Hani bazen, özellikle de hastane yakınlarında, önünüze tanımadığınız birisi çıkar, dolmuş parası olmadığını söyler, sizden para ister ya. Bunu bugün onlarca kişiye yaptığını, söylediği her şeyin yalan olduğunu düşünürsünüz ama diğer tarafınız da 'ya gerçekse' der. 15 lira ne ki, 1 ekmek parası. Sonra parayı verseniz de vermeseniz de kendinizi yanlış bir şey yapmış gibi hissedersiniz. Ya kandırılmışsınızdır ya da yardıma ihtiyacı olan birine size hiçbir zararı olmayacak küçük bir yardımı çok görmüşsünüzdür. Bal gibi de bilirsiniz daha bir hafta önce sırf orası daha sessiz diye daha kötü kahveye 30 lira fazla verdiğinizi ama çok görmüşsünüzdür işte. Çok gördüğünüzden de değil, güvenmediğinizden. Sonra insanlara güvenmediğiniz için kızarsınız kendinize, ya da çok çabuk güvendiğiniz için. Doğru olanı yaptığınıza ikna etmeye çalışırsınız kendinizi. Biraz da kızarsınız çünkü bilirsiniz, siz değilde A orada olsa o parayı asla vermezdi ya da B olsa kesin verirdi. Çünkü sizin aksinize dünyaya karşı net bir duruşu olan insanlardır onlar. Sonra durumun çözümü hakkında düşünmeye başlarsınız, "Kimse dilenmek zorunda kalmasaydı, çalışabilecek durumda olan insanlar dilenecek kadar gurursuz olmasaydı, işsizlik oranları daha düşük olsaydı..." Hiçbir yere varamayacağınızı bile bile yol boyu düşünür durursunuz.
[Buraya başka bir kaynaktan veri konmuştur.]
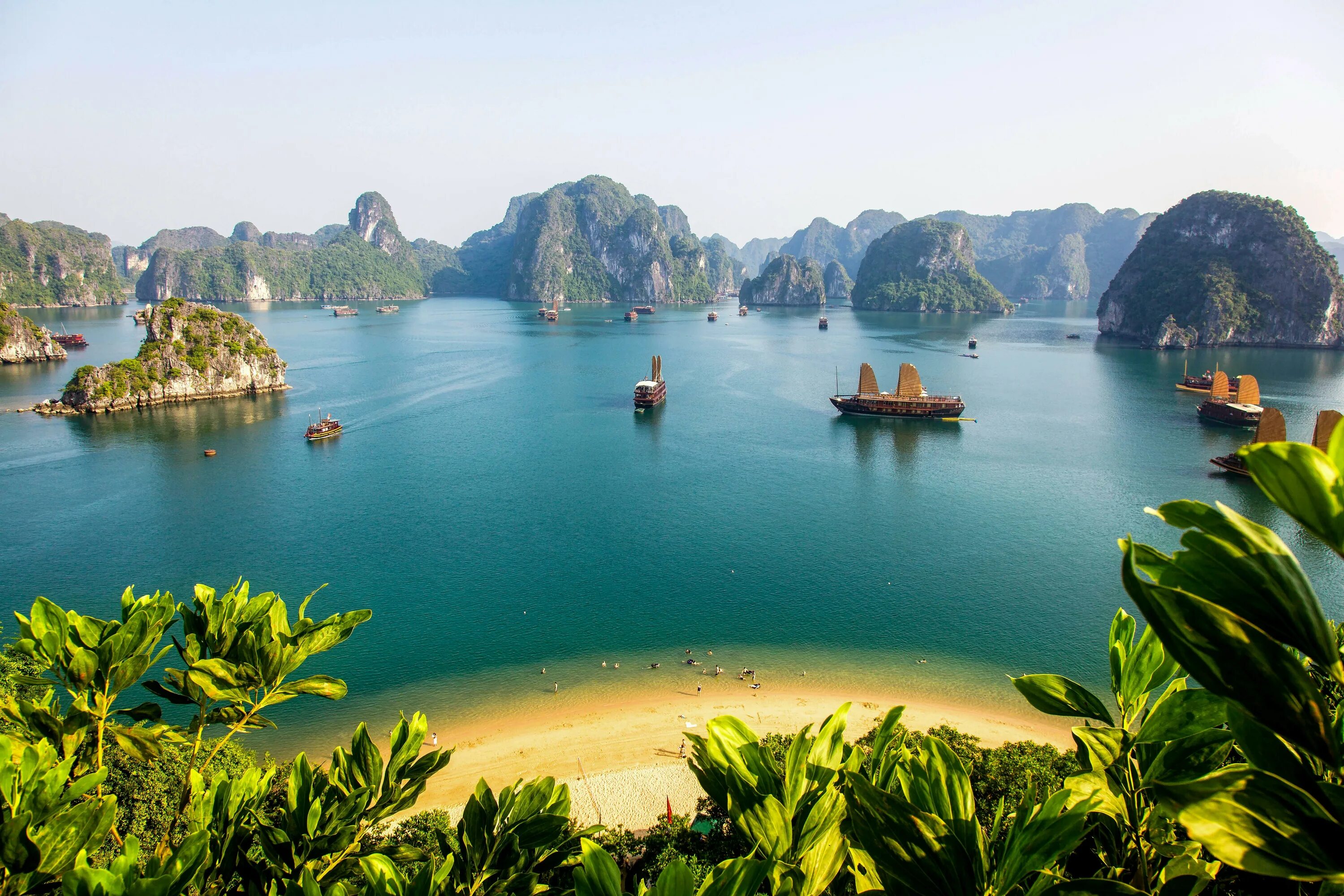 Остров катба вьетнам. Вьетнам halong bay. Лучшие острова вьетнама. Лучшие острова вьетнама. Лучшие острова вьетнама.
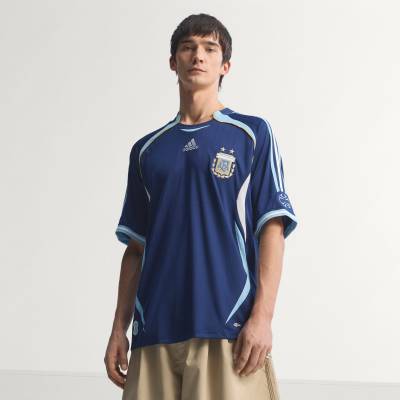 argentina_2006_adidas_away_reissue_jersey_01.jpg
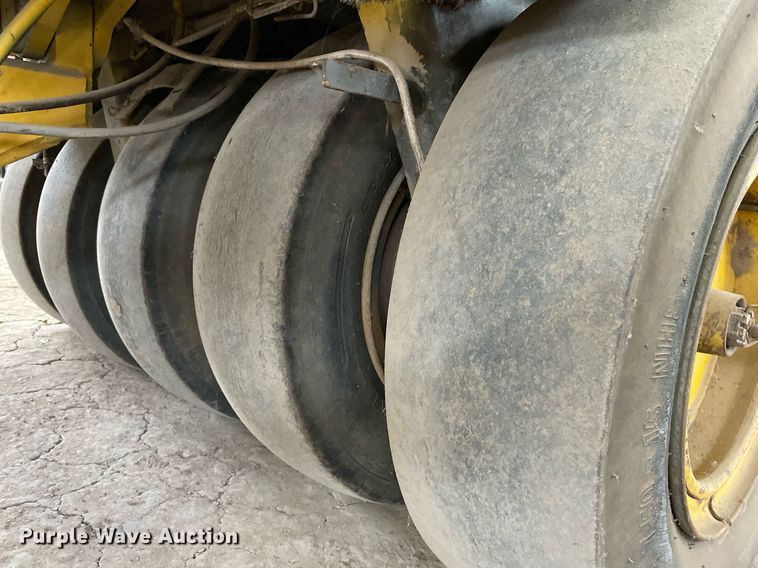 image for item MS9686 Hyster C530A  pneumatic roller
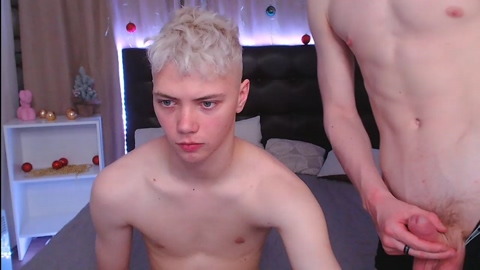 okwohka  27-12-2022 video Topless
İşte yaptığım her seçimde böyle hissettim ben. Çok düşündüm, çözümler ürettim, kitaplar, makaleler okudum, kavgalar ettim... Sanki her şeyi çözmek benim görevimmiş gibi, sanki ne yapsam yanlışmış gibi sanki sorun benmişim gibi...
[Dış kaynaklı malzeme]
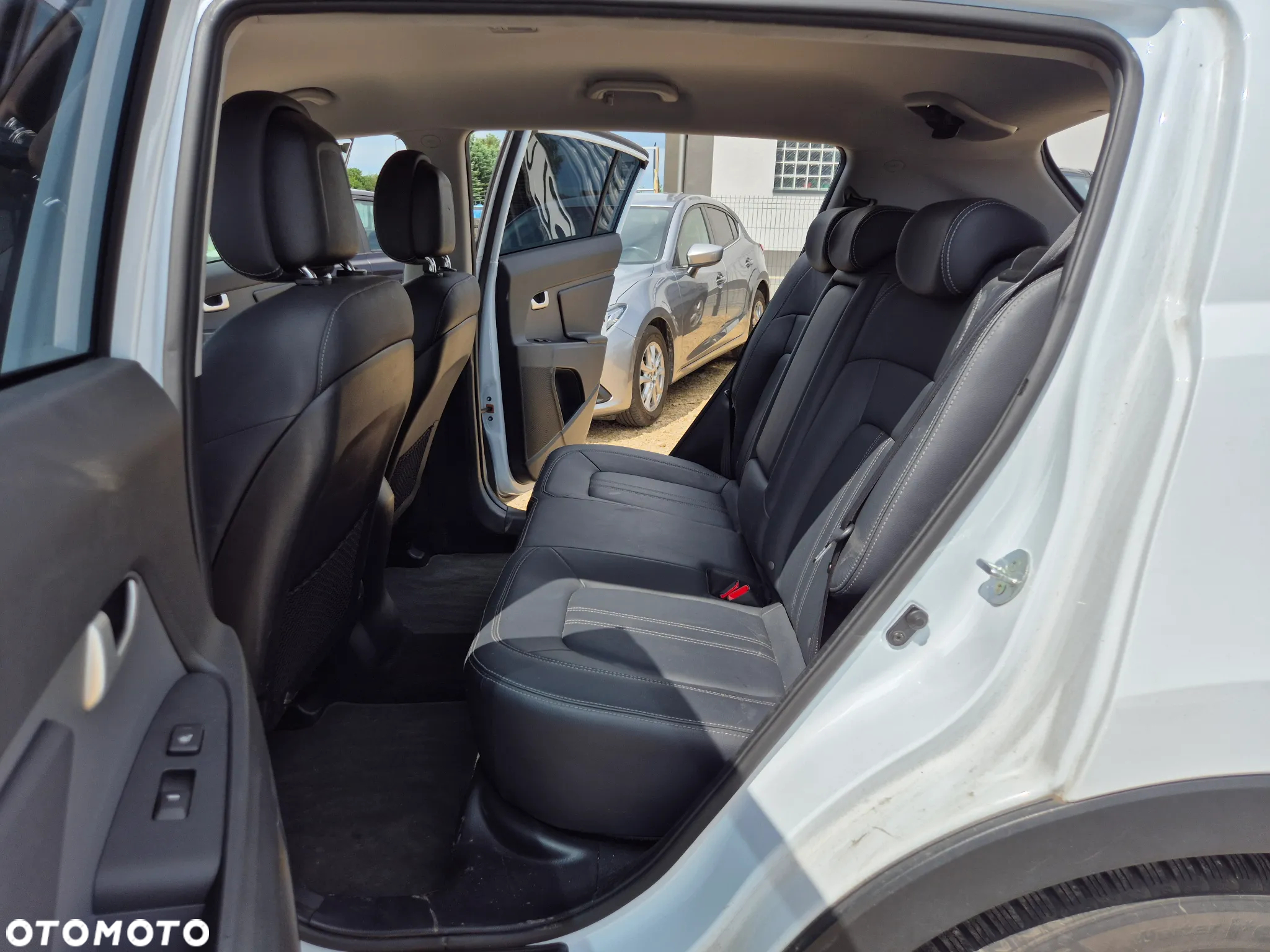 Kia Sportage 2.0 CRDI L AWD - 6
Suçluluk gömleğini ilk ne zaman giydim, ne zaman benliğimle böylesine bütünleşti bilmiyorum. Sanırım hayatımın kontrolünü tamamen kaybettiğimi hissettiğim yıllardaydı, güvende olmak için hep en doğru olanı yapmam gerektiğine inanmıştım. En doğru diye bir şeyin var olmadığının farkında bile değildim. Sonra büyüdüm, bütün benliğimi kaygı denen bir duygunun üstüne kurduğumun farkında bile olmadan, büyüdüm. Bugün okuduğum bir dergide* "Kendilik evi yeniden inşa edilebilir." yazıyordu. "Bu dünyada kendimizden başka evimiz yok. O evin içinde huzur bulmak, diğer tüm evlerle oluşturulabilecek huzurun ön koşuludur."

Kendilik evini yeniden inşa etmeye çalışan herkese minik bir yalnız değilsin bırakmak istiyorum. Huzuru kendinizden başka bir yerde aramanıza gerek kalmaması dileğiyle.